• **Work to be completed**
Repeat every record below exactly, omitting any pictures.

----- Source records -----

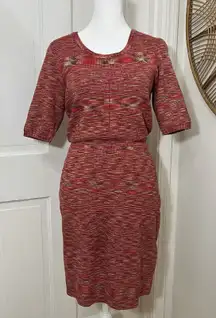 Phoebe Couture M Knit Pink‎ Multi Stretch Knit Dress Career Office Classic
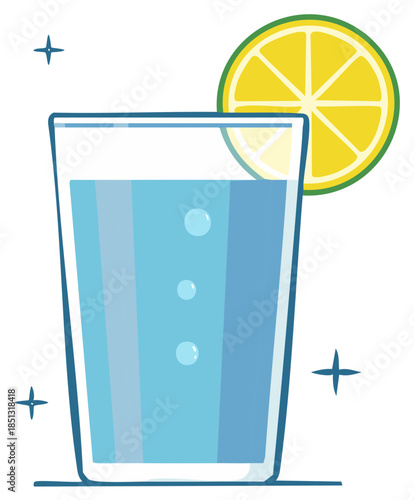 Stylized vector illustration of a refreshing cool blue sparkling beverage in a clear glass with a fresh lemon slice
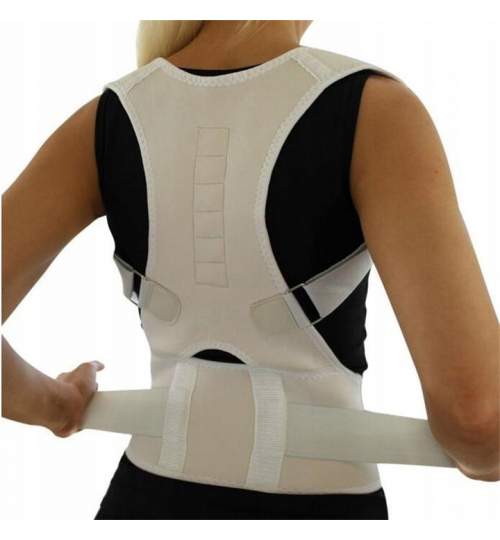 Centura corset magnetic pentru corectarea spatelui si a coloanei, marime L, bej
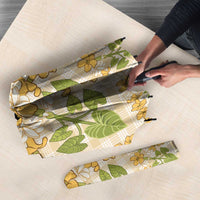 Squares Puakenikeni and Kalo Umbrella Beige Palaka Hawaiian Quilt Pattern - Polynesian Pride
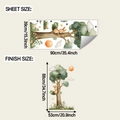 Cartoon wall stickers showing sheet dimensions 39x90cm and finish size 88x53cm details - 39x90cm
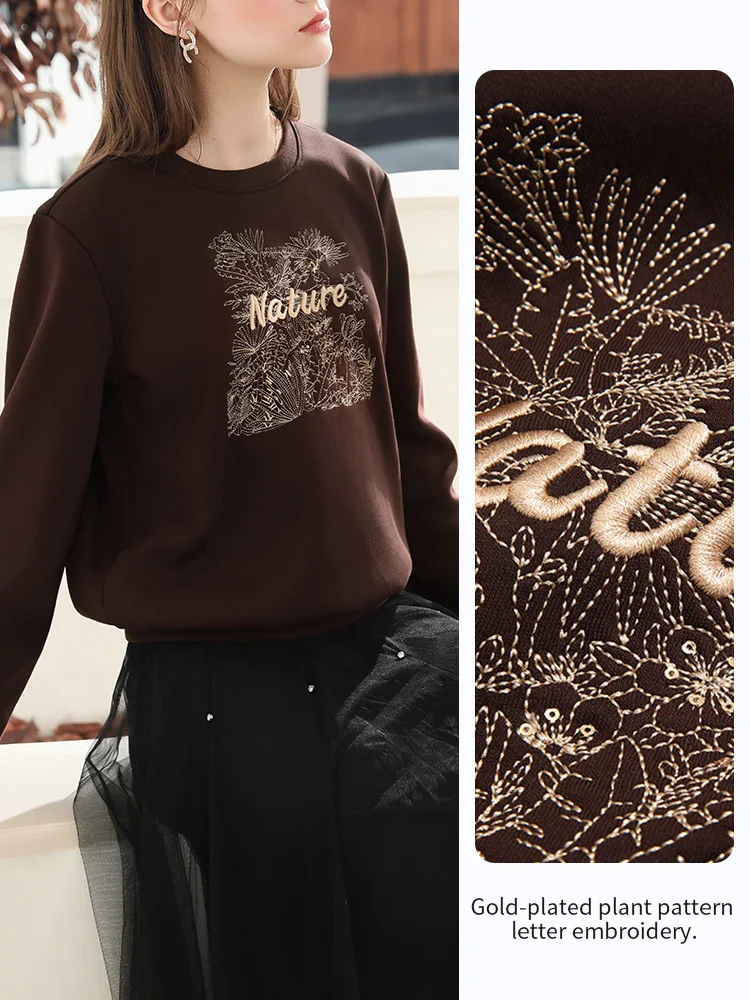 I BELIEVE YOU Woman Casual Sweatshirt 2025 Winter Retro Brown Letters Embroidered Round Neck Fleece-lined Top Warm 2254196154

-----

• **Written response**
 Phoebe Couture M Knit Pink‎ Multi Stretch Knit Dress Career Office Classic
 Stylized vector illustration of a refreshing cool blue sparkling beverage in a clear glass with a fresh lemon slice
 Centura corset magnetic pentru corectarea spatelui si a coloanei, marime L, bej
 Squares Puakenikeni and Kalo Umbrella Beige Palaka Hawaiian Quilt Pattern - Polynesian Pride
 Cartoon wall stickers showing sheet dimensions 39x90cm and finish size 88x53cm details - 39x90cm
 I BELIEVE YOU Woman Casual Sweatshirt 2025 Winter Retro Brown Letters Embroidered Round Neck Fleece-lined Top Warm 2254196154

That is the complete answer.